With respect to total sample size, it turns out that chi square is directly proportional to the number of cases used in its calculation. Thus, if one multiplied the cell values in Table 10.3 by 10, the calculated chi square value would be ten times larger and very significant rather than barely significant, as it is now. There are statistical corrections for large sample sizes that more experienced researchers use in such cases. Neophyte researchers should simply be aware that large sample sizes can result in bloated chi squares and for this reason should be especially careful when comparing chi squares across studies where differences in significance levels may be due to nothing more than differences in sample sizes.

Party Affiliation by Sex.

Metric Data: t Tests
The next most frequently used statistical test in marketing is the t test. Because it is applicable only to interval or ratio data, it is called a parametric test. It is used to compare two population estimations such as means or proportions and assess the probability that they are drawn from the same population. It is computed in slightly different ways depending on whether one is analyzing independent or Non independent measures.

t Test for Independent Measures. The t test can be used to compare means or proportions from two independent samples. For example, the t test can be used to indicate whether a sample of donors in New York gave larger average donations than a sample in San Antonio. The procedure to conduct this test is first to use a procedure to estimate the (combined) standard errors of these means. (Remember that the standard error is a measure of the spread of a hypothetical series of means produced from the same sampling procedure carried out over and over again, in this case, in New York and San Antonio.) One then divides the difference between the means by the combined standard error, which is actually a combined standard error of difference in means. (To combine the standard errors and conduct this test, the original data in the samples must be normally distributed and have equal variances.
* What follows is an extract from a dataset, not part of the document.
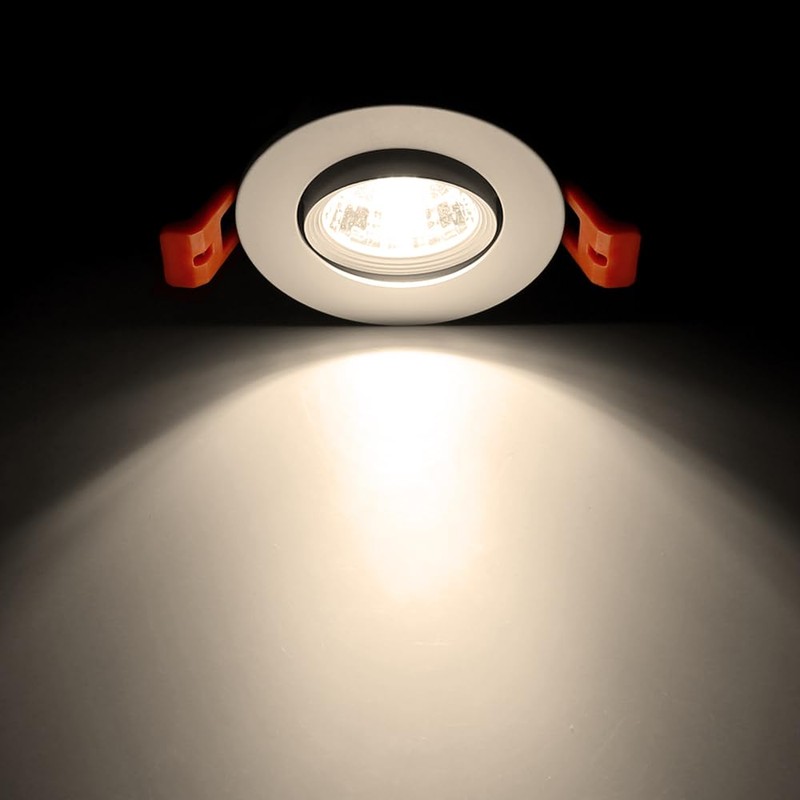2Inch LED Recessed Ceiling Light, 3W Dimmable LED Downlight, Natural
If these assumptions do not appear to be met, a more sophisticated analysis should be conducted.) This in effect indicates how many standard errors the two means are apart. The resulting figure is called a t statistic if the sample size is small (under thirty) and a z statistic if it is large. This statistic then allows us to say something about the probability that two means are really equal (drawn from a more general population of all customers). A low probability indicates they are different.The same analysis could be conducted comparing two proportions instead of two means.
Independent t tests can also be used for two other purposes that are often important in research. First, they can test whether a mean or proportion for a single sample is different from an expected value. For example, a researcher could determine whether the average household size in a sample differs from the Bureau of the Census figure for the area. Using this same logic, the t test can also assess whether the coefficients in a multiple regression equation are really zero as indicated in Exhibit 10.2. Sometimes we wish to see whether the means or proportions for the answers to one question in a study are different from similar means or proportions elsewhere in the same study or in a later study of the same sample. For example, we may wish to know whether respondents’ evaluations of one positioning statement for an organization are more or less favorable than another positioning. (Note that the means or proportions must be in the same units.) Since this procedure would compare respondents to themselves, the two measures are not independent. In this case, the computer takes each pair of respondent answers and computes a difference. It then produces a t statistic and an associated probability that indicates the likelihood that the mean of all of the differences between pairs of answers is really zero. If the probability is low, we would conclude that the respondents did perceive the concepts as different.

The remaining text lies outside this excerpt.